Am sitting here sipping invisible kool aid yuuuuummmmiiiee , happy as a pig in mud!


----------



## [email protected] (May 10, 2004)

oh chico you are just so much like your daddy - we miss you!!


----------



## <3 Sarah <3 (Nov 1, 2005)

I CANNOT BELIEVE I JUST SAW THIS! 
Chi is just soooo cute, i love him!  i love the bag & outfits! 

i'm still planning to come and steal him by the way!  lol!!


----------



## Guest (Feb 15, 2008)

[email protected] said:


> oh chico you are just so much like your daddy - we miss you!!



awww bless.
It must be hard to see your puppies go.
Roo ROo can always come live with us ya knkow


----------



## Guest (Feb 15, 2008)

oh and sarah you cant have him!

We have cctv and intruder alarms here so we'd know you were coming lol


----------



## Blazer (Feb 8, 2008)

I LOVE that plaid coat! and that purse is really nice its my favorite color.


----------



## <3 Sarah <3 (Nov 1, 2005)

IWAC said:


> oh and sarah you cant have him!
> 
> We have cctv and intruder alarms here so we'd know you were coming lol


oh no, there's that plan down the drain!! :lol:

well. i can still admire him atleast


----------



## Guest (Feb 16, 2008)

well i might let you borrow him lol. I bet he'd love to run about with max


----------



## Kobe's Momma (Feb 16, 2008)

Alright whats your price for Chico?!?! ;-) I am in love with him! He is so adorable!!


----------



## Guest (Feb 24, 2008)

PRICE 

NO amount of money would make me give up my baby. I am seriously smitten with him. Wouldnt give him up for the world!!!
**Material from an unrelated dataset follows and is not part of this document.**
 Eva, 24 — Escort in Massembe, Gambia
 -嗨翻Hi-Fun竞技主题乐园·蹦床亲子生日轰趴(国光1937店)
He's so spoilt, but such a little darling lol


----------



## Becca_n_Mika (Jan 24, 2008)

All i can say is awwwwwwwwwwwwwwwwwwwwwwwwwwww hes just 2 cute we luv him soooooooooooooo much. I'm so going 2 spoil my mika just like u lol. 
& can u post the add 4 the store that u got the clothes from i want some!!!!


----------



## Prosephone (Oct 2, 2005)

hehe it is my store!

www.LittleDogbarktique.com


----------



## Becca_n_Mika (Jan 24, 2008)

Thanks i will be having a good look around ur store do u post 2 the uk?


----------



## Guest (Feb 26, 2008)

yeah she posts here, I live in the uk>


NO buying the little burgundy handbag carrier, i wanna be the only one in the uk with one lol


----------



## Trace (Feb 20, 2008)

Aww, chico is such a gorgeous little boy!!! Dia has a crush on him.. lol But I know he's not into the long distance thing.. she will just have to admire him from afar! 

so cute! :love5:


----------